## [Records provided]
Content starts

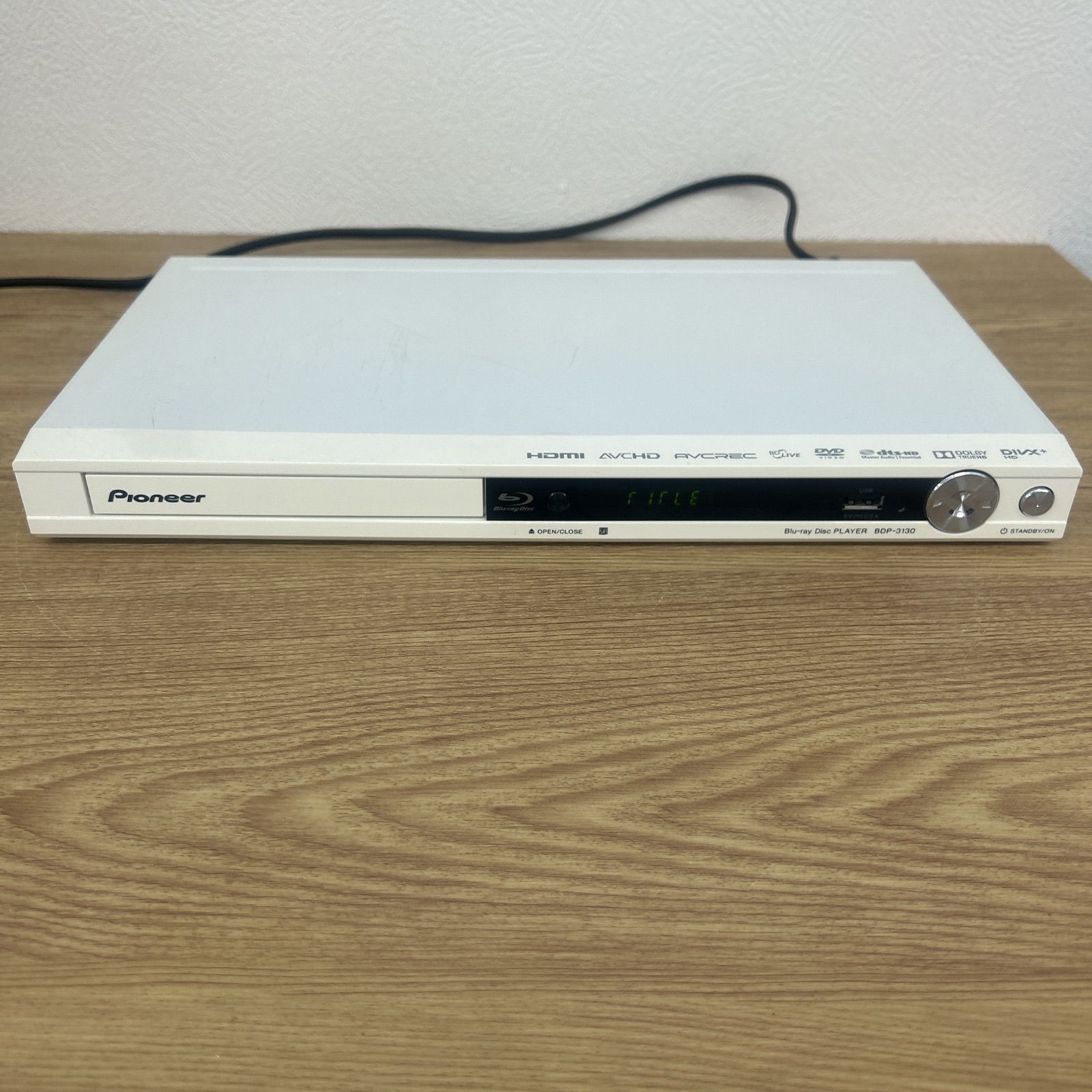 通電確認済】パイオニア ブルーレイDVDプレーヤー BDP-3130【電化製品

Content ends
Content starts

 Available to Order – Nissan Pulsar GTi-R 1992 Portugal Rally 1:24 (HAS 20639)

Content ends
Content starts

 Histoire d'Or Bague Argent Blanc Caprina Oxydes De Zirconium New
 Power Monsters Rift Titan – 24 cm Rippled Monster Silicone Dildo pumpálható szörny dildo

Content ends

In the listing above, locate the line with "Histoire d'Or Bague" and the line with "Power Monsters Rift", then extract exactly those lines and every line between them, and nothing more.

## [Response to this exercise]
 Histoire d'Or Bague Argent Blanc Caprina Oxydes De Zirconium New
 Power Monsters Rift Titan – 24 cm Rippled Monster Silicone Dildo pumpálható szörny dildo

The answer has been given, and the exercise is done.